Lanzadora de Esquisto se quedó petrificada y miró a Qakan, con la boca abierta y expresión desaforada.
Qakan la empujó hacia el ulaq de Cuervo e insistió:
—Vete ya y dile a Kiin que Cuervo la necesita.
Qakan la observó correr hacia el ulaq de Cuervo y bajó a la playa. El ik estaba a punto.
Kiin aferró por los hombros a Lanzadora de Esquisto y la sacudió.
—¿Es Cuervo quien me ne-ne-necesita? ¿El te lo pidió?
—¡Sí!
Kiin miró unos instantes a la joven y decidió que Qakan le había dicho la verdad.
—Di-di-dile que en seguida voy. Vamos, muévete.
Lanzadora de Esquisto abandonó el ulaq y Kiin respiró hondo. Sacó a los rorros de las cunas y los acomodó en los portacríos.
—No lloréis —bisbisó—. No lloréis, no lloréis —repitió como si fuera un cántico, una nana.
Acercó un pezón a la boca de cada niño y esperó a que empezaran a mamar. Metió unas pocas cosas en una cesta: agujas, trozos de tendón, ovillos de bramante de kelp, el cuchillo largo que Cuervo le había dado, un cuchillo de mujer de hoja corta, un bastón y un recipiente con pescado seco.
Se le encogió el corazón al saber que Mujer del Cielo y Mujer del Sol eran capaces de tamaña trampa para engañarla.
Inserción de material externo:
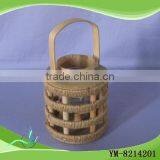 Outdoor Hurricane Wooden Lantern thumbnail-1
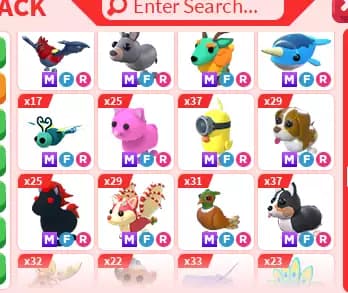 Get all NFR and MFR pets | Adopt Me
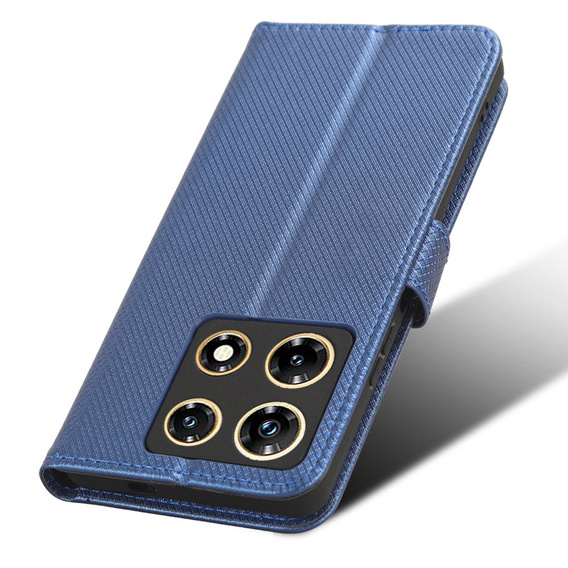 Flip case for Infinix Note 30 Pro 4G, Wallet Smart Magnet, blue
La voz de su espíritu susurró: «Lo hacen para proteger su tribu, su aldea. Hasta Cuervo desea proteger su aldea».
Kiin salió pronto del ulaq. Bajó deprisa a la playa. Caía la noche: el sol se había ocultado tras las nubes y el mar parecía negro. Qakan había dicho que se iría por la mañana. Kiin sabía dónde estaba el ik. Qakan había dicho que pasaría la noche en la aldea. En ese instante, Kiin vio el ik bahía adentro y a Qakan remando en solitario.
El miedo creció y se endureció en su pecho y le cerró la garganta de tal manera que no pudo gritar. Agitó una o dos veces las manos, recuperó por fin la voz y llamó a su hermano.
«No puede oírte», oyó decir a su espíritu.
Volvió a llamarlo y notó el viento frío en las mejillas, en la humedad de sus lágrimas. Se acuclilló. Cuervo tendría que ir a buscarla. Kiin tenía un cuchillo y lucharía por sus hijos.
Oyó una débil llamada desde el mar. Levantó la cabeza. Qakan había virado el ik y volvía a buscarla.